Our zk components can help Ethereum's consensus be verified in any scenario, such as mobile browsers or even smart contracts. Our zk oracle can be seen as a browser-like application for Ethereum, while the zk components supplement Ethereum's consensus.

In terms of zk's long-term value, zk's essence is to solve trust issues through hardcore cryptographic computations off-chain, while the essence of blockchain is to solve trust issues through many people repeating project computations. I believe that in the future, zk may be a stronger cryptographic application than blockchain; zk is a more important concept than blockchain, but currently, the two complement each other.

13. Host LonersLiu: Vitalik mentioned that in the future, Ethereum Layer 1 will also need to be zk-enabled. In an era where hardware acceleration is mature, is it possible to do zk proofs through mobile phones and computers? What might the scale of zk hardware mining be in the future?

Leo Fan: Verification should not be a problem, as the entire computational load for verification is very small. The generation depends on the size of the circuit and the steps used, which is highly variable. Recently, we have also been discussing cooperation with the Ethereum Foundation regarding the standardization of the entire hardware acceleration interface.

Additionally, we are developing a ZKP chip, which is expected to be launched around Q2 of next year. The performance of this chip is approximately 64 times that of a 3090 graphics card, allowing many complex ZKP computations to be completed in 10 to 20 seconds.

In the future, we will also develop a developer version of this chip, allowing developers to connect it directly to laptops via USB for local computation processing.

The scale should not be small, given the number of ZKP projects. We also plan to establish a zk prove DAO in the second half of this year. For Layer 2 projects, their demand for our chips is around 2000 units, and with Layer 1 and other applications, the rough demand exceeds 10,000 units.

14. Host LonersLiu: What directions in the zk field for future innovations and breakthroughs are worth paying attention to? Do you have any additional comments?

NanFeng: The zkEVM field is still worth looking forward to in the future. With the emergence of projects like Scroll, this field will attract a more competitive market. Points worth paying attention to include the compatibility, modifiability, efficiency generation, and resource consumption of ZKP, etc., which can also highlight the competitiveness of projects. We at Opside will integrate these factors to select some solutions and incorporate them into our platform to provide users with the best experience.

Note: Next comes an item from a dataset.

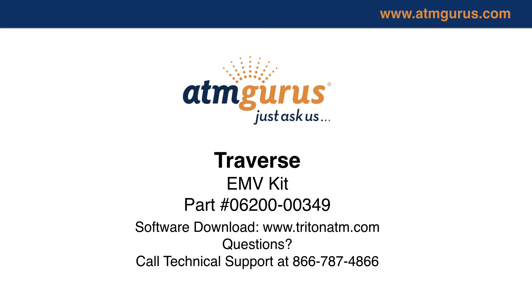Thanks for watching today. If you run into any problems, remember you can always call us at Triton Tech Support.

Sputnik: Cross-chain bridges are also a hot application of zk. FOX has also developed corresponding solutions using zk technology.

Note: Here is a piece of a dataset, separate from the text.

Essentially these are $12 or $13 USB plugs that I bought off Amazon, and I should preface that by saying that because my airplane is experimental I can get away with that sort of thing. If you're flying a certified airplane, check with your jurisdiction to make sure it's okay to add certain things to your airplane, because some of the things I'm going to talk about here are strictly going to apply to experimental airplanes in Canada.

Some challenges in cross-chain involve how to control assets and balance liquidity and trustworthiness. In terms of trustworthiness, the conventional approach has been to rely on a trusted center; for example, after locking an asset on one side, it needs to be unlocked on another chain. The emergence of zk can provide a good solution for trustworthiness.

White Young: First, it should be clarified that Ola is a platform that supports privacy, not just a platform that can only do privacy. This means that when we conduct some public transactions on our platform, we are also a zkEVM.

Scalability is definitely the first issue that zk or the entire blockchain needs to solve; without solving it, it is difficult to introduce mainstream applications. However, scalability involves a choice issue: do you start from the perspective of compatibility or efficiency? Different choices lead to different technical routes. For example, Scroll started from the perspective of compatibility, initially considering migrating the Ethereum ecosystem directly and then making some efficiency improvements. However, Ola first considered efficiency, thus creating a completely zk-friendly virtual machine at the base layer, and then working on compatibility. Overall, zk's development is to first solve scalability, and only after that will other opportunities arise.